Por Iván García.
Mujer con un cartón de huevos camina por la calle Teniente Rey, en el corazón de La Habana.
Para José, 76 años, jubilado, Cuba no es país para viejos. Lo dice mientras hace cola en una panadería al sur de La Habana. La fila es larga y decide sentarse en la escalera de un edificio ruinoso, desde donde puede observar si hay inspectores o policías por los alrededores. Se baja la mascarilla, coge un poco de aire y comienza a fumar.
Después de la cola en la panadería, irá a la carnicería, donde tendrá que hacer otra cola para comprar los huevos que le tocan por la libreta. Y si todavía está abierta la farmacia, hará la tercera cola del día, esta vez para ver si ha entrado algún medicamento que le ayude a controlar la presión arterial.
José está al límite emocionalmente. “Quienes peor estamos pasando la pandemia, la crisis económica y el desabastecimiento somos los viejos, sobre todo si vivimos solos. Mi esposa falleció hace dos años y mi hijo está preso. Tengo que lidiar con mi alimentación y una vez al mes visitar a mi hijo al correccional donde cumple sanción. Mi única entrada es la pensión de jubilado y lo que puedo inventar por la izquierda, que no es mucho», confiesa.

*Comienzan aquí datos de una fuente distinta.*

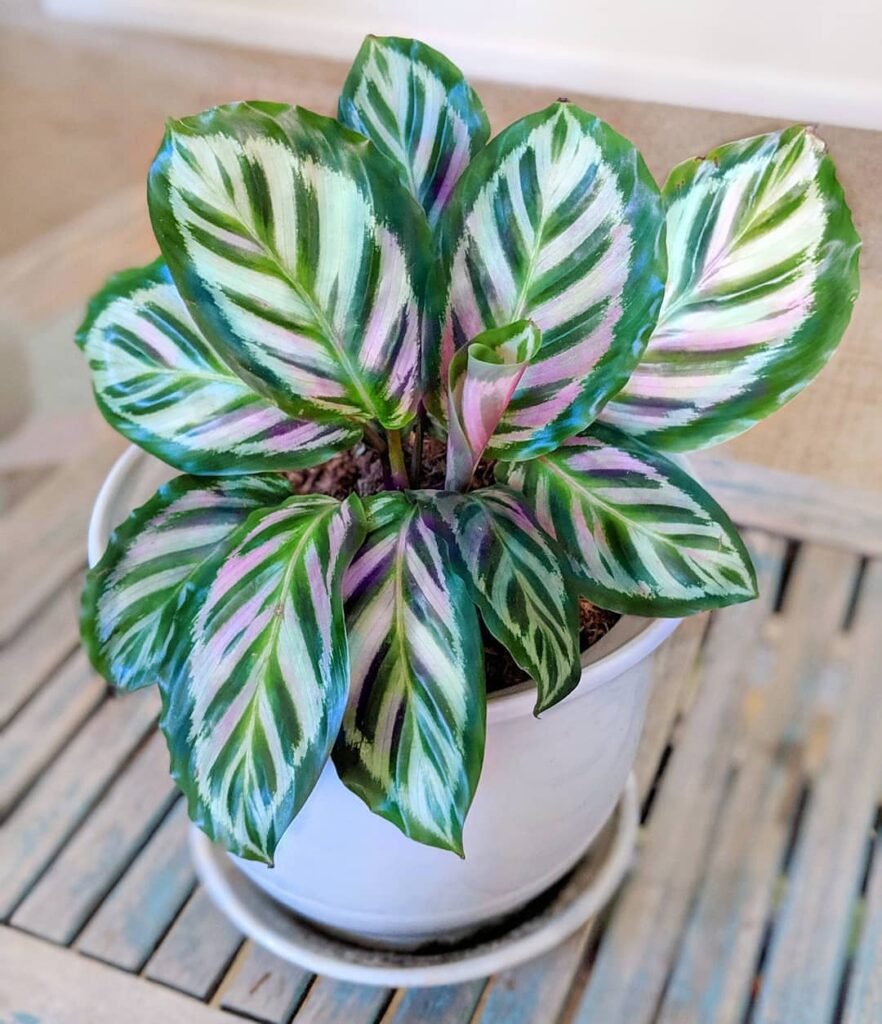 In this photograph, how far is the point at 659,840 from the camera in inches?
25.8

Cuenta que para ganar unos pesos extras, recoge dinero de la bolita (lotería ilegal) y en sus ratos libres repara sombrillas y le quita el tizne a las cazuelas. «También he sido jardinero y he sido custodio en un negocio privado. El problema es que te caiga algún trabajo que te permita ganar unos pesos para sobrevivir. La situación en Cuba está caliente. Es como sacarle el bate a una recta de más de cien millas a Aroldis Chapman», comenta, usando un paralelismo beisbolero.
Los grandes perdedores de las tímidas reformas económicas emprendidas por el autócrata Raúl Castro entre 2008 y 2013 fueron los ancianos y los jubilados. Con pensiones que fluctuaban entre diez y veinte dólares mensuales, debían hacer la proeza de preparar dos comidas al día, pagar la factura de la electricidad y comprar medicamentos.
Un segmento amplio de jubilados se vio obligado a conseguir dos o tres empleos para poder llegar a fin de mes. Salieron a las calles a vender periódicos, cigarros sueltos, jabitas de nailon y cucuruchos de maní o se dedicaban a hacer mandados (compras) y ancianas con buena salud, lavaban, planchaban y limpiaban a particulares.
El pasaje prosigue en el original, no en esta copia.